Wednesday 17 October 2018

WON'T YOU BE MY NEIGHBOUR - London Film Festival review

Part of this year's London Film Festival is Morgan Neville's touching documentary about one of American television's nicest personalities, Fred Rogers.

If you grew up in the UK, Mister Rogers is best known as one of those ubiquitous American pop culture references made in films, that you never quite understood. Thankfully this film provides the context of who Fred Rogers was, and why he had such an indelible impression on the youth of America for so many years. A presbyterian minister who saw the need for informative children's television, his show Mister Rogers' Neighborhood ran from 1968 until his retirement in 2001, his kind and gentle persona teaching young children how to feel about their emotions, covering a wide range of topics like divorce, bullying and the assassination of Bobby Kennedy.

Using his tiger puppet Daniel Stripe and a host of characters for Rogers to interact with in the three walled set of his house, this was the kind of programming that seems quaint through modern eyes, like part of a bygone era before children were easily distracted by video games and brightly coloured cartoons. I'm aware that I'm sounding like a grandad by saying that, but this documentary makes clear that without Rogers there may have never been progressive, educational children's programming like Sesame Street. The filmmakers are also aware of how easily pastiched Rogers was, featuring clips of Eddie Murphy's affectionate homage on SNL, Mister Robinson's Neighborhood.

This is an extremely endearing documentary that, even if you weren't aware of Fred Rogers before viewing, will have you completely won over by the end. Even if you go in with a sense that there must be some dirt on such a kind and gentle soul, Neville digs as deep as he can to make sure the character of Rogers can't be called into question. The most controversial opinion Rogers had was asking long time cast member (Officer) Francois Clemmons in 1968 to remain in the closet for fear of the scandal it may cause, but as Clemmons attests as one of the key interview subjects here, he never considered Rogers to be an intolerant man and Rogers made right on the times he went wrong.

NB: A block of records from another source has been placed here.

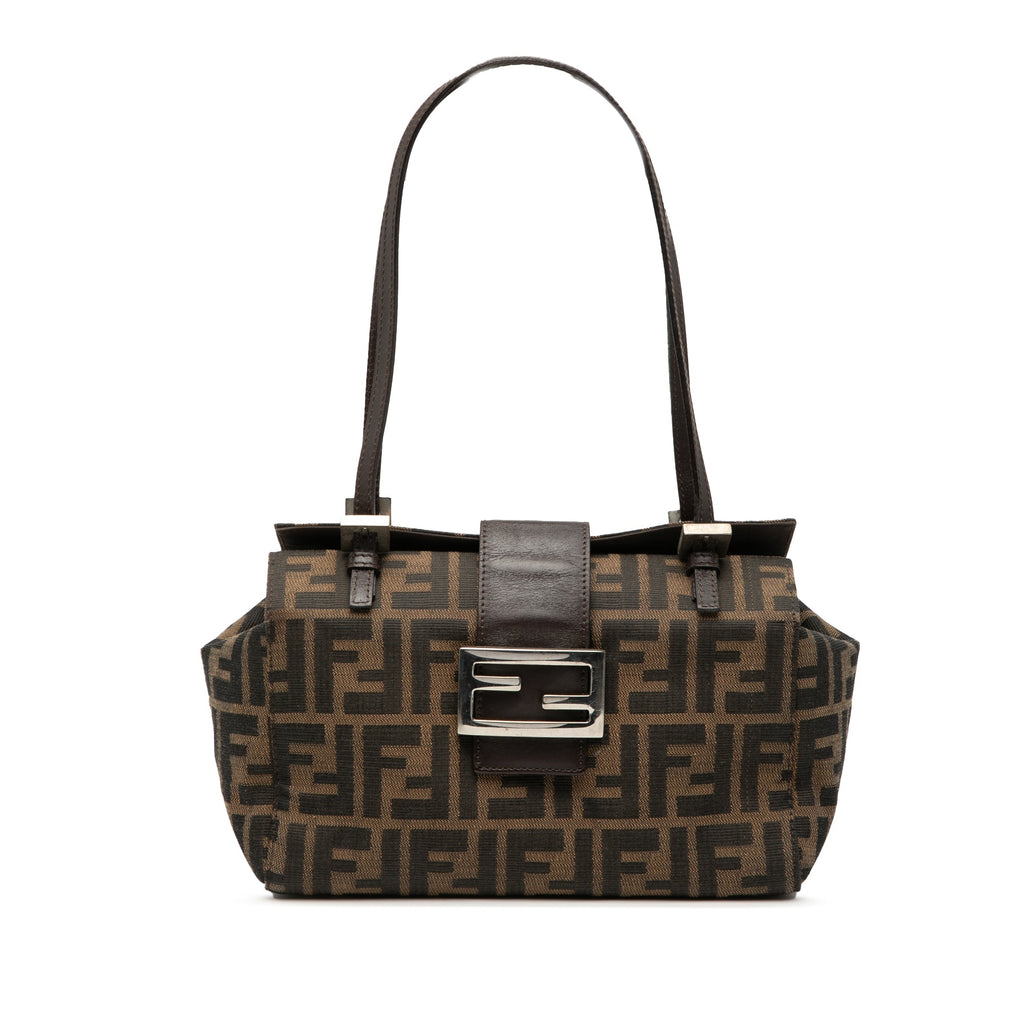 Zucca Canvas Bento Box Shoulder Bag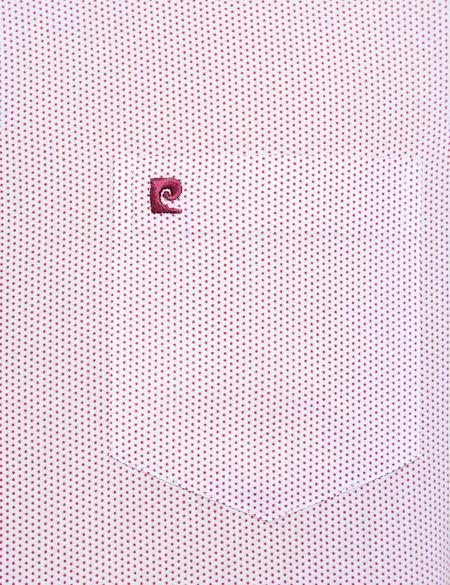 Kırmızı Regular Fit Kısa Kollu Gömlek - 50187532017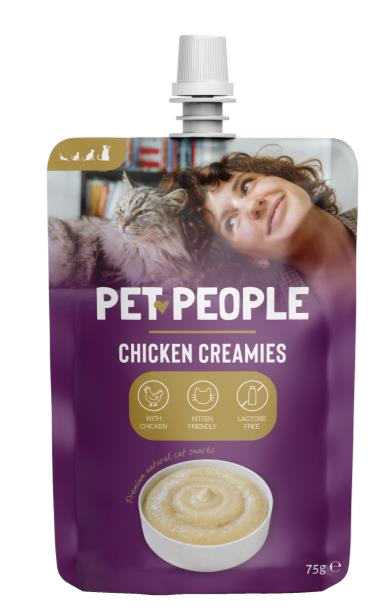 Pet People Chicken Creamies 75g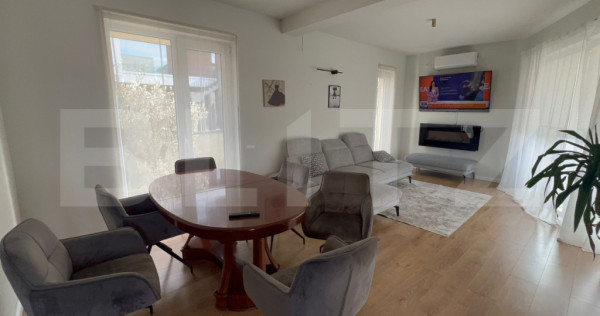 Casa de inchiriat, 4 camere, 110 mp - Andrei Muresanu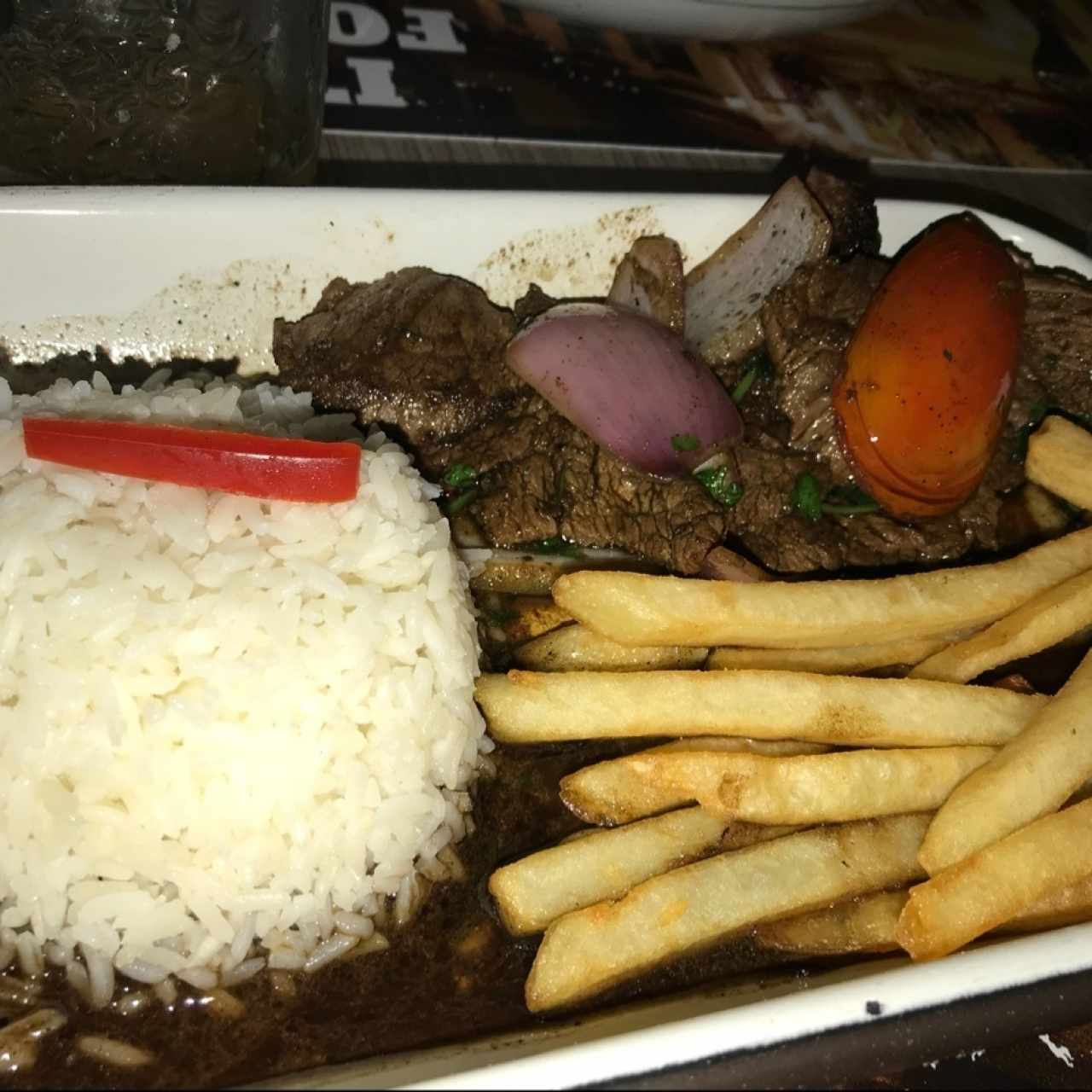 Lomo Saltado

It's easy to be cynical about Fred Rogers as a subject with his kindly demeanour and trademark comfortable loafers and sweater, and (Academy Award nominee for 20 Feet from Stardom) Morgan Neville's doc is designed to be an uplifting experience, but I defy anyone with a heart not to find the footage of Rogers singing "It's You I Like" to disabled child Jeff Erlanger one of the most touching things you've ever seen. A kindly uncle to all of America's children, it's easy to see why Rogers, who passed away in 2003, has remained such a vital figure in American pop culture. Check your cynicism at the door and allow yourself to be open to the most heart-warming cinematic experience you could hope for, Won't You Be My Neighbour is one of the essential documentaries of the festival.